So far this summer movie season has been a pretty good time for comic book adaptations. “Thor” was far better than I expected, and, though I haven’t managed to drag my sorry ass to the theater yet, “X-Men: First Class” is getting thumbs-up reviews from all over the place. With “Captain America” still to come, it seemed that the summer was destined to be dominated by Marvel, but not entirely. DC gets into the act this weekend with their big-budget big-screen version of “Green Lantern”. With it, we have another worthy, entertaining superhero flick with which to while away our precious summer hours. Just a heads up, I’m not particularly familiar with the source material, so I can’t comment on how closely the story sticks to comics, or how many little in jokes there are, but even from my removed perspective it is a damn blast.
Apparently 3600 fearless warriors in sweet green bodysuits are tasked with the protection of the universe. These fierce soldiers are called the Green Lantern Corps, and they’re pretty damn tough. The toughest force they’ve ever faced was a creature of pure fear called Parallax (voiced by none other than Clancy “The Kurgan” Brown), but he was imprisoned by the most badass of these emerald clad badasses, Abin Sur (Temuera Morrison, AKA Jango Fett). Unfortunately for the universe and all of its inhabitants, Parallax managed to escape, and is stirring up all sorts of drama, destroying worlds and what not. When an encounter between Abin Sur and Parallax leaves the corps member mortally wounded, he heads to Earth, where his fancy green ring will find a replacement.
Hal Jordan (Ryan Reynolds) is a hotshot test pilot who claims to live life with no fear. He certainly lives with a reckless abandon, leaving a trail of one-night stands, broken hearts, and high-flying acrobatics in his wake. His one regret is that he let his childhood sweetheart Carol Ferris (Blake Lively) get away. They work together, but have a constant, contentious relationship that basically boils down to Hal’s childish refusal to grow up versus Carol’s acceptance of a more adult way of life.
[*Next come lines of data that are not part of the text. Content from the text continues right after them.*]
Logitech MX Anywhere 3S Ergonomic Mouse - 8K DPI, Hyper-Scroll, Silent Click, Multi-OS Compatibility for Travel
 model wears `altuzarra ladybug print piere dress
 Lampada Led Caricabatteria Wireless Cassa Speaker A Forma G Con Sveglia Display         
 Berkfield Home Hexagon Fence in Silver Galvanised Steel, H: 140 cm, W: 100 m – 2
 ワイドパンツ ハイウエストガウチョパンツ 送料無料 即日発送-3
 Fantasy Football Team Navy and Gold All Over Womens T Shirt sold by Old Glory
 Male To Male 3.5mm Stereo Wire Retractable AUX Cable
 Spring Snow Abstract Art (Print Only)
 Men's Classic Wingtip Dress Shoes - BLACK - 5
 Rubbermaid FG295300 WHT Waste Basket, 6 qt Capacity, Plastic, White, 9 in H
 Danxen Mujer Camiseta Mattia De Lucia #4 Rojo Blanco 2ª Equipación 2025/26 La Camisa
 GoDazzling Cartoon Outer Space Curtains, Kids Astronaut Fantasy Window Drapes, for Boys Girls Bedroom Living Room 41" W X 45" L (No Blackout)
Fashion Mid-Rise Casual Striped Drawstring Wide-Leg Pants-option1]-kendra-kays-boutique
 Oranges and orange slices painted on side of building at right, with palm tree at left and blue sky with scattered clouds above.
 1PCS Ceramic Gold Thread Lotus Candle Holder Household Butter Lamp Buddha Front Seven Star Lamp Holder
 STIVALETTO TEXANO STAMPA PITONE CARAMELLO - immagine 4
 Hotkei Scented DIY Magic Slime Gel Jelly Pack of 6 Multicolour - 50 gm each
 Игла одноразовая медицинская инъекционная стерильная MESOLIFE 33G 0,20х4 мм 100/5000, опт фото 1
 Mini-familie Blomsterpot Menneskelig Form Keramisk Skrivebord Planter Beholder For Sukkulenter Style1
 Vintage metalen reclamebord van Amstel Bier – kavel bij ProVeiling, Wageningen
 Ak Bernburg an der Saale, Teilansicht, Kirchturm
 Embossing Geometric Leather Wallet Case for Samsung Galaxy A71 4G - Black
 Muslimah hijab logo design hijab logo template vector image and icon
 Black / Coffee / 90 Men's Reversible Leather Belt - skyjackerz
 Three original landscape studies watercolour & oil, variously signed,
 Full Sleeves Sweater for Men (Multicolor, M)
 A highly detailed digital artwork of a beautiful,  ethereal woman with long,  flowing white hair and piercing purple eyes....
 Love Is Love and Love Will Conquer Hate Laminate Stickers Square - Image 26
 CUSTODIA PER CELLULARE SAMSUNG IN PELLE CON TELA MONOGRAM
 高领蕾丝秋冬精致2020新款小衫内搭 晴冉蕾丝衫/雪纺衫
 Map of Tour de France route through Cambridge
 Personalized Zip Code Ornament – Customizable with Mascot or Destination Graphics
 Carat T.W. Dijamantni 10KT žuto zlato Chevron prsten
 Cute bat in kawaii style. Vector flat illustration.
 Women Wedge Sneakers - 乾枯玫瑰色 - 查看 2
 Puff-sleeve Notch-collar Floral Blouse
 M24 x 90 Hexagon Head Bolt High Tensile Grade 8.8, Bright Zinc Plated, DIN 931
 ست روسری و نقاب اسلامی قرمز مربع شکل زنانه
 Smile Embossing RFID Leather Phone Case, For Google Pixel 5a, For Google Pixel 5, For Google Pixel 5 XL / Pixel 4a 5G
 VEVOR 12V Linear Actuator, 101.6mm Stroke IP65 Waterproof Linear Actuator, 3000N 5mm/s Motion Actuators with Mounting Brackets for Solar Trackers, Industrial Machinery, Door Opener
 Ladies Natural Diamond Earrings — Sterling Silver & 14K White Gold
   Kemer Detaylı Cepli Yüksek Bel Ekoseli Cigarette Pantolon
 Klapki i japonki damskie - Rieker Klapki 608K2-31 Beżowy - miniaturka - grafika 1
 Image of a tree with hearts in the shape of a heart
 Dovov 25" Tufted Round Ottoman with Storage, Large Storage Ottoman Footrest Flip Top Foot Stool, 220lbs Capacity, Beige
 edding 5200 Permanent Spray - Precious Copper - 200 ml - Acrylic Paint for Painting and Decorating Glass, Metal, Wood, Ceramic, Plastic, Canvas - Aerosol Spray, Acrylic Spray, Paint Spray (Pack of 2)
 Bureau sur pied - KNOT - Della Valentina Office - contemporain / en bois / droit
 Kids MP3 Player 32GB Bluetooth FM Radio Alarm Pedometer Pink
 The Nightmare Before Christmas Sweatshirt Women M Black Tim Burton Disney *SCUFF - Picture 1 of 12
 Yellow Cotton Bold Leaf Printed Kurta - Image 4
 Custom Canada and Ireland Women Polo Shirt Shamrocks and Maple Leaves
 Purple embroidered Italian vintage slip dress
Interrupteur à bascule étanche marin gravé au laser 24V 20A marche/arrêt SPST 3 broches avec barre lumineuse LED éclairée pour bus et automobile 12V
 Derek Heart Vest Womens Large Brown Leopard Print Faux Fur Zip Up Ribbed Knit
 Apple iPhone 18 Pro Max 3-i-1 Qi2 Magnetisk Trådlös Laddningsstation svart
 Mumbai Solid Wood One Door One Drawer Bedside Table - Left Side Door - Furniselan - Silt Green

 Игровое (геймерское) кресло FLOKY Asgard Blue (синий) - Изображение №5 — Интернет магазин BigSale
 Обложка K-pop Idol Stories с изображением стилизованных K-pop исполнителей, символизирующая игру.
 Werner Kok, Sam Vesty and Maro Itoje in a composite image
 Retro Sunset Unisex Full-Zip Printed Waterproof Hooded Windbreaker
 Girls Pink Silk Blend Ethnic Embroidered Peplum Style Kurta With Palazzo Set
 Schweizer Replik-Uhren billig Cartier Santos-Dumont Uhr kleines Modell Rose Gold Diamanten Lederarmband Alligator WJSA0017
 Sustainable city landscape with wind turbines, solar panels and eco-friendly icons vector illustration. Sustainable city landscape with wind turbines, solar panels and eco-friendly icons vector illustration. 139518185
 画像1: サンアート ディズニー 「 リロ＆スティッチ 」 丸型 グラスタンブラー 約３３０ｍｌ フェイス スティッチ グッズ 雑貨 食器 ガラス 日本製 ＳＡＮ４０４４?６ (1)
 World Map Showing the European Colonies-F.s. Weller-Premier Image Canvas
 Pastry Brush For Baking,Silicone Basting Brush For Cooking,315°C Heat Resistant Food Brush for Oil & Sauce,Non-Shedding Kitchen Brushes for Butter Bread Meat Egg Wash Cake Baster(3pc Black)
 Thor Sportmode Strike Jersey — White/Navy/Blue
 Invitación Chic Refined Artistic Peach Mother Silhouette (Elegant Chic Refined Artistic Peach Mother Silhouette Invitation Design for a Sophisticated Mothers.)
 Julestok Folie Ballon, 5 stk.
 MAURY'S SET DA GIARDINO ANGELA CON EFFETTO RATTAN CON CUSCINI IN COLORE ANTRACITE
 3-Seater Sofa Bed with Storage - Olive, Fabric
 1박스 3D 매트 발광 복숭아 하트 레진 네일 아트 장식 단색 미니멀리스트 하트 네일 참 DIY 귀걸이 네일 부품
When Abin Sur crash lands, his ring kidnaps Hal and brings him in, and the rest of the film is a pretty standard superhero story. Hal, the first human ever chosen to serve, gets powers, doesn’t understand his power, tries to figure out how to use his power, comes to terms with his power, and uses his power for something greater than himself. While that is a pretty typical origin story and emotional arc for a comic book superhero, that isn’t meant to be disparaging, because “Green Lantern” is a damn good time, mostly because of Reynolds. He plays Hal with a cocky charm and a bravado that you would expect out of a fighter pilot who is used to handling intense pressure and action, and living life on the edge. An engaging protagonist, he’s fun to watch and root for. What he also brings to the table is a vulnerability that is necessary to make the character work as more than just a type.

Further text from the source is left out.